Olhares sobre a ciência e a imprensa: a divulgação da pesquisa científica no Brasil

 

Olhares sobre a ciência e a imprensa: a divulgação da pesquisa científica no Brasil1

 

Por Marlos Mello2

 

Uma simples observação sobre os dias de hoje, por mais superficial que seja, mostra que o modo como nascemos até o que comemos, bebemos e o modo como nos relacionamos passa por um projeto adaptado de ciência. Esse projeto é cauterizado num determinado saber, o saber cientifico: mas em que se baseia esse saber para se auto-afirmar como verdadeiro?

 

Muitos estudiosos já tentaram responder a essa questão e, por isso, não nos atrevemos entrar nesse embate, ao menos não nesse momento. Nosso objetivo neste artigo é colocar em “xeque” os meios de divulgação do saber cientifico, de como ele se faz na imprensa e o modo como ganha legitimidade e liberdade para adentrar nos diversos e distintos lares, famílias e comunidades brasileiras.

 

A ciência e a “construção” da realidade

 

A imprensa, de certa forma, canalizou o serviço de divulgação da ciência. A legitimidade e a credibilidade dos meios de comunicação (jornais, rádios, televisão e internet) adquiriram, da sociedade, o direito de apurar o que fundamentalmente está em evidência no campo cientifico.

 

A inserção do pesquisador no campo midiático está relacionado com as diferentes situações a que é convidado a dar sua opinião. Tal situação ocorre, muitas vezes, por apreço do editor/jornalista que convida o pesquisador para participar ou escrever sobre determinado assunto ou, em certos casos, pela importância da sua pesquisa diante da sociedade.

 

Nesse sentido, a imprensa, além de ocupar um lugar de destaque por participar/pautar de maneira decisiva na formação das evidências cientificas, atua no processo político-social e na construção/interpretação da realidade, funcionando como um importante instrumento de acesso e visibilidade às informações científicas.

 

Os pressupostos da imprensa científica

 

Reportando-nos a história percebemos que o pioneirismo no desenvolvimento da imprensa cientifica coube ao alemão Henry Oldenburg, que percebeu a possibilidade de inovar através de um novo jeito de fazer ciência.

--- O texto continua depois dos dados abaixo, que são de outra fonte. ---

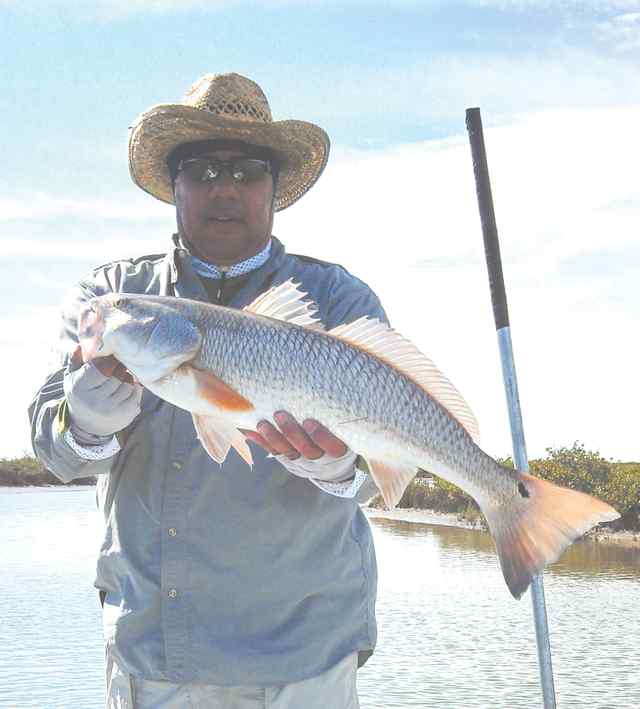 Albert Rodriguez, Jr. Port Aransas28&quot; redfish CPR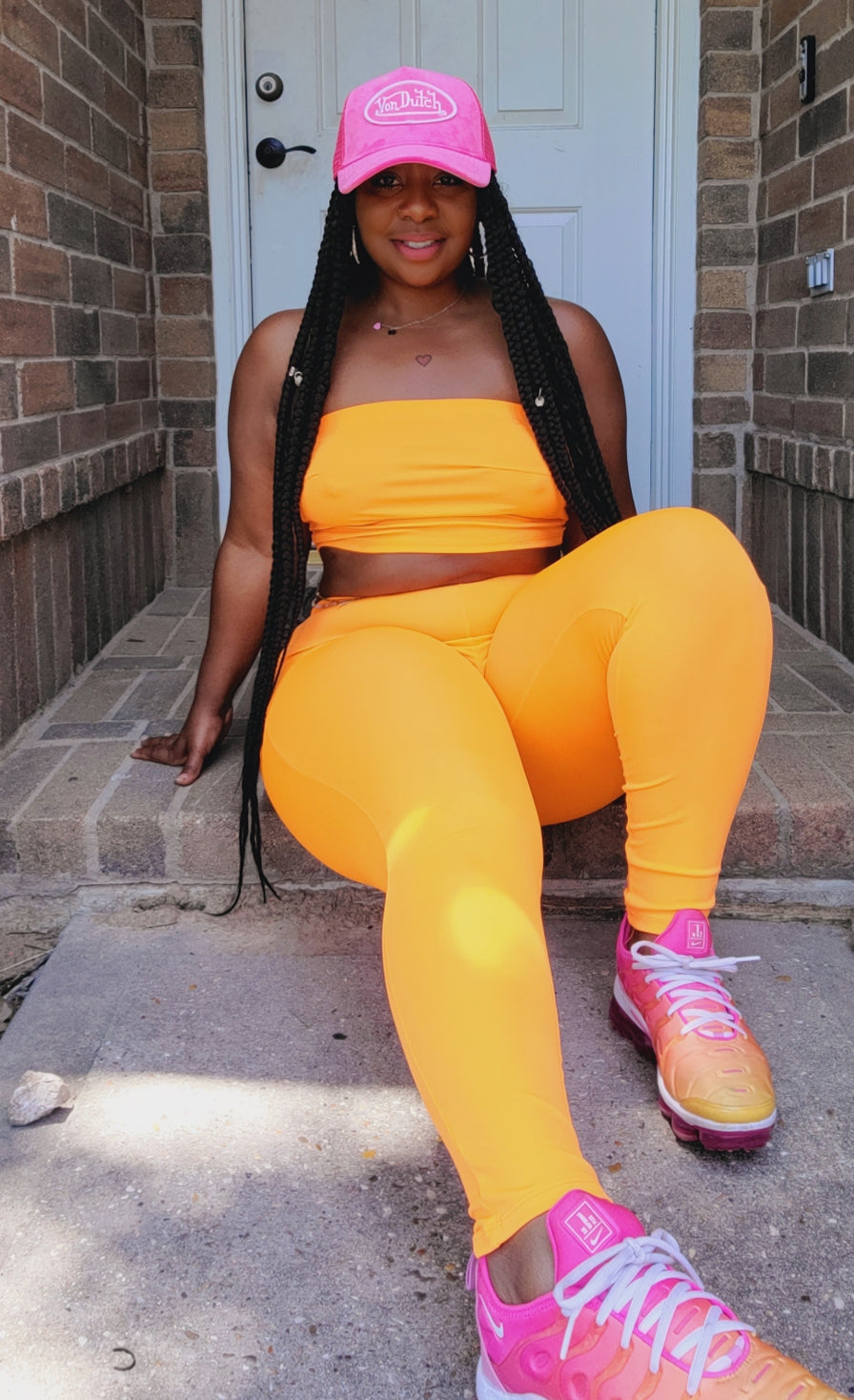 Basic Neon Orange 2 pc Set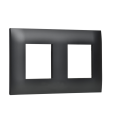 Рамка 2-местная SK-F02Bl, черный, SKANDY, IEK SK-M22-K02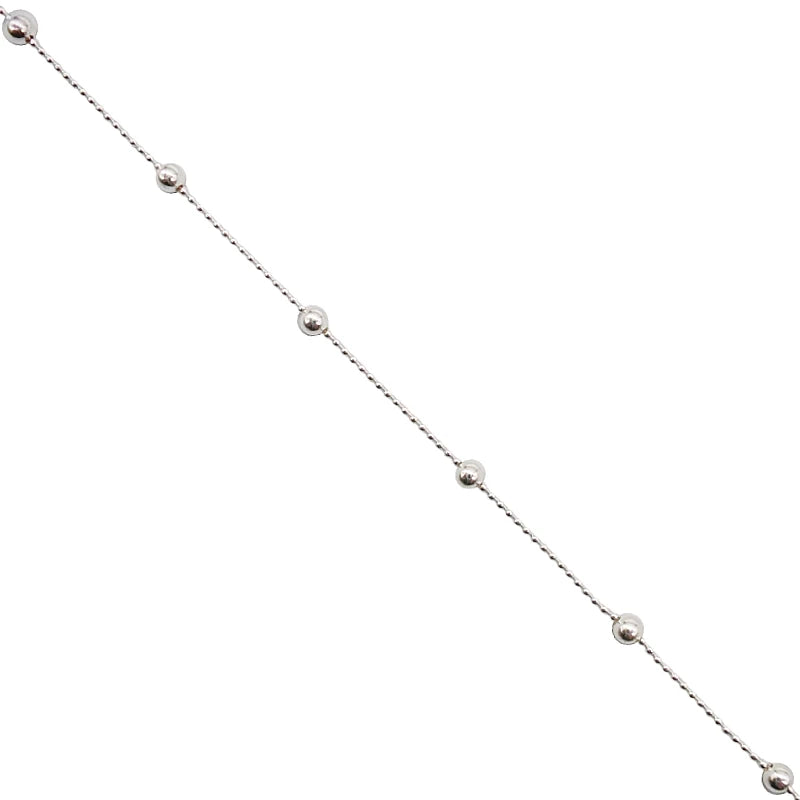 Pulsera de Bolitas Lisas 1.0mm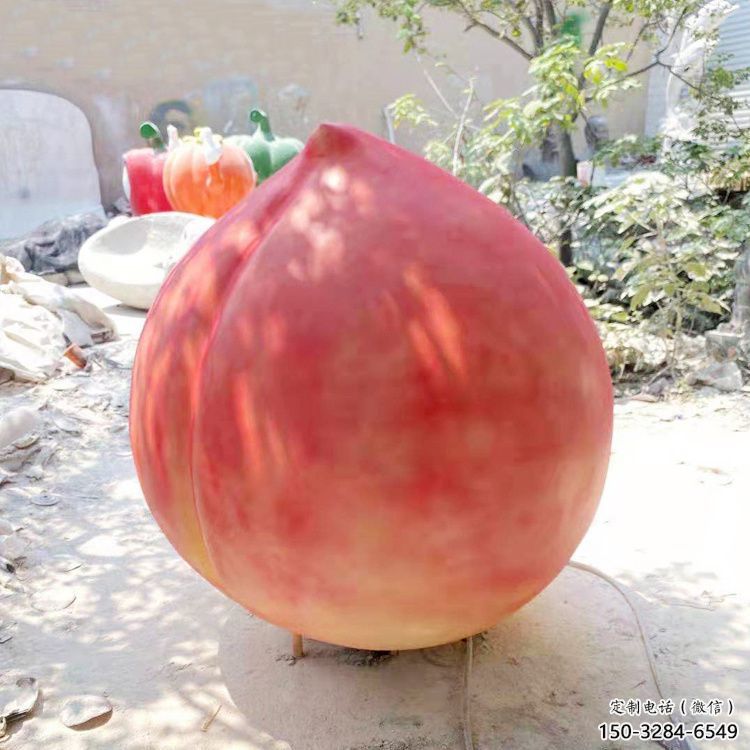 广场水蜜桃雕塑 抽象果蔬雕塑 烤漆水果雕塑 广场水蜜桃雕塑 抽象果蔬雕塑 烤漆水果雕塑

Além dessa percepção aguçada, ele tinha um talento especial, o de juntar e inspirar a nova geração de homens da ciência. A combinação do caráter informal e fragmentado das cartas escritas com o potencial de alcance popular das mesmas foi identificada por Oldenburg que não exitou em sua campanha de “democratização” do conhecimento.

 

Já nos Estados Unidos, Edward Scripps, em 1921 fundou o primeiro serviço de notícias científicas. Scripps, como gostava de ser chamado, era um homem apaixonado pelo jornalismo e pela ciência e estabeleceu nessa relação as bases para a criação de “Science Service”, ou Serviço da Ciência que é, até hoje, uma das principais agências de notícias científicas dos Estados Unidos.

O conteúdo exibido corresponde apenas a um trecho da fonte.